Hawthorn appealed the ruling to the First Circuit. The court unanimously upheld the district court’s ability to limit the excessive fee (although the court did allow Hawthorn to collect $25,000 from Altura as well), and Judge Timothy Dyk (sitting by designation from the Federal Circuit court) reiterated some of the district court’s reasoning, both concerning the amount of effort involved in the case — “he intended to largely piggyback on the government’s efforts and . . . he was aware that substantial effort on his part would not be required” — and the fee’s effect on incentives — “The amount of the fee that will be siphoned off by the lawyer significantly affects the size of that award and the power of the incentive.”
As the First Circuit itself said limitations on fees are to be “only imposed in exceptional circumstances,” so the district court judge’s ruling, and the appellate court’s affirmance, are rather significant under any circumstances. But what makes this case particularly interesting and rather ironic is that the court reduced the fee to uphold the intent of creating whistleblower incentives.

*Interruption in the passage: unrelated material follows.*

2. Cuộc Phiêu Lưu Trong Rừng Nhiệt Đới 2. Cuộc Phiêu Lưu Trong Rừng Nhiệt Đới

Plaintiffs’ lawyers have consistently fought to expand private whistleblower claims, and succeeded again recently in the Dodd-Frank financial services reform law where Congress expanded a Securities and Exchange Commission whistleblower program for fraud, bribery, and other offenses (for more on that see this WLF video). But in Hawthorn, a whistleblower provision was cited as the reason for dramatically reducing the lawyer’s fee — a rare example of the hand that feeds you coming back to bite you. Plaintiffs’ lawyers who make millions representing whistleblowers should be troubled by the First Circuit precedent, which the government will no doubt cite in future attempts to shift more money from lawyers to whistleblowers.